▶ Assignment
Before you write out the listing, remove the pictures; everything else stays exactly as it is.

===== Material provided

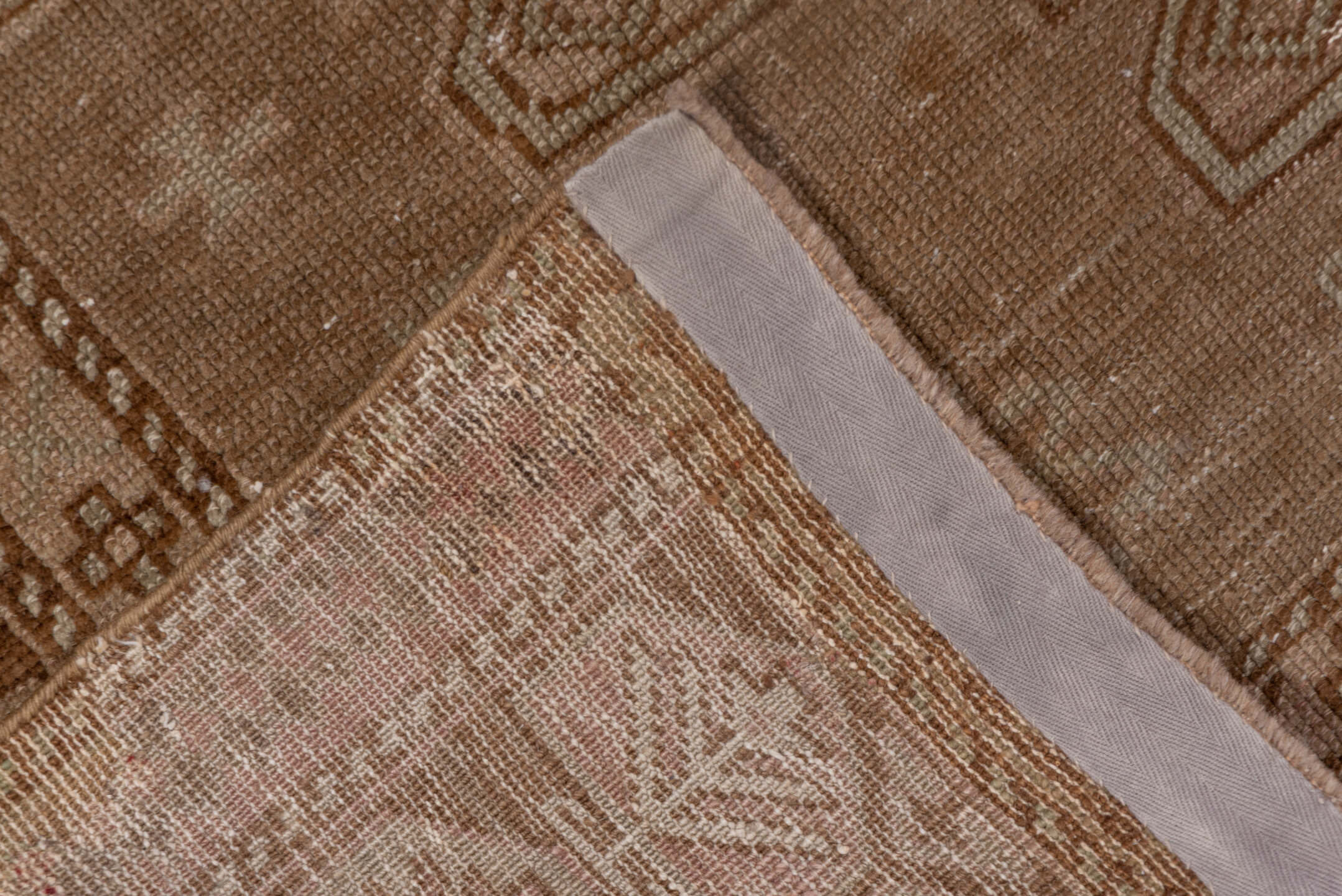 9' x 11' one-of-a-kind handmade vintage Afghan large size rug. Color palette: camel, taupe, tan, beige, brown, ivory, gray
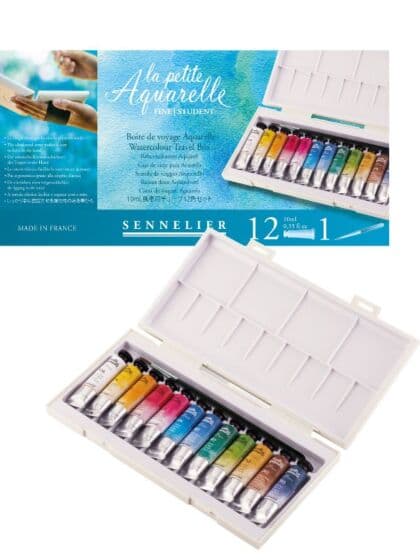 Sennelier Aquarelle vannmaling i boks - 12 tuber og pensel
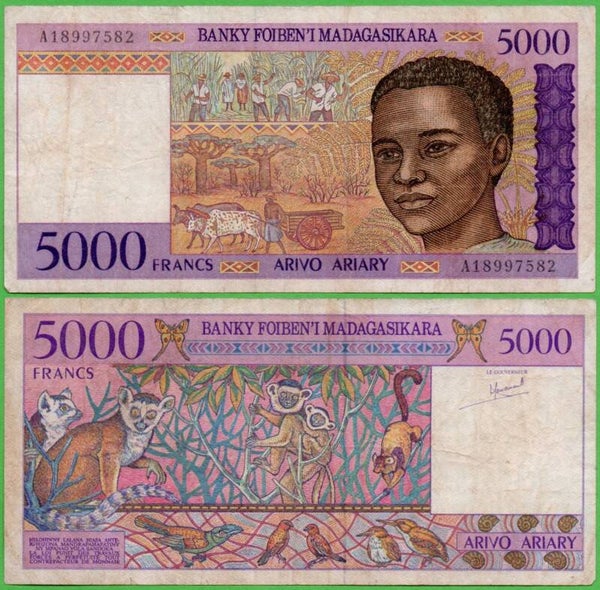 Madagascar 5000 Ariary 1995, P-78b Xf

==========

▶ Written answer
 9' x 11' one-of-a-kind handmade vintage Afghan large size rug. Color palette: camel, taupe, tan, beige, brown, ivory, gray
 Sennelier Aquarelle vannmaling i boks - 12 tuber og pensel
 Madagascar 5000 Ariary 1995, P-78b Xf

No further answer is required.